Arthur S. Covert
112 Front Street
Schenectady NY 12305

Dear Doctor,


I am about to change those things that require to be changed when I address envelopes. So I might as well kill two birds ( if you will pardon the expression ) with one stone.

It was only when I considered alternatives that I recognized your wisdom in buying the PC Jr. It is hard from a study of Byte and its adds to really find the score, but my guess is that if you will accept the risk of a mail order purchase of a generic reporter you can buy what you have for about $1000. This may in fact buy you more in the way of expandibility real time clocks etc. Before I figured this out I ws about to rush off and buy a clone. Now I am thinking of looking for the disk drive you get and maybe duplicating your outfir. Of course my only real excuse is to have a back up for the Osborne. What set me off was the idea of having to spend two or three hundred dollars to keep it working. Now I am saying to myself that that it better than throwing it away.

The Osborne is back and unrepaired. The A drive seems to be able to read anything but you can’t trust it to write. This is like having one and three quarter drives. The scenario is that when the Micro Clinic is ready to install a new drive I will rush it over, meanwhile I will struggle with it.

January 17, 1986

We resume. The Osborne situation remains the same. I have done little or no programming since we last met. My analysis of the computer situation continues. Why do I want another computer.
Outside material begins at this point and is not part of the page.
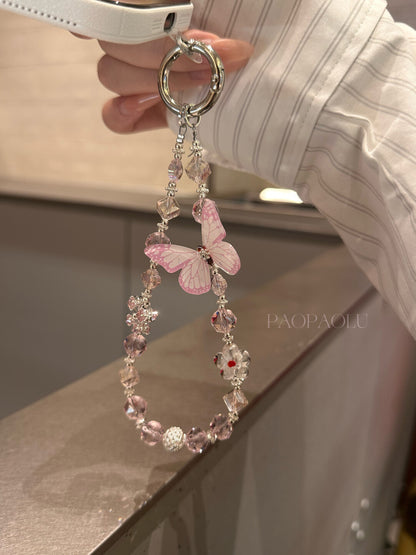 Pink Butterfly Sparkle Beaded Phone Charm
I My Osborne is colorless.
II My Osborne is unreliable.
III I am jealous of all the software you have.

We have noted above that for say 1200 dollars one can purchase a good IBM clone with two drives 512K ram and maybe a fair amount of software. My the time you equal or exceed this you will have spent say 900 to 1000. Not so much a bargain as a low cost entry. Then there are the Atari 520 for say $800 with a single drive 512K color monitor, 32 bit words, a mouse , a single disk drive, some software on board and lots over the horizon. The same is true for the more expensive at the moment Amiga. Lots of color, lots of capacity, lots of speed, a new generation.

How we would communicate.

I suspect that if I read that Borland was preparing Pascal and/or other good software for the Atari I’d go for it. Straws in the wind, good old Bela seems to be associated with the Amiga.

Accompanying this letter should be a set of photographs, and a disk which contains a file called README.DOC ( DO IT ) and several other files.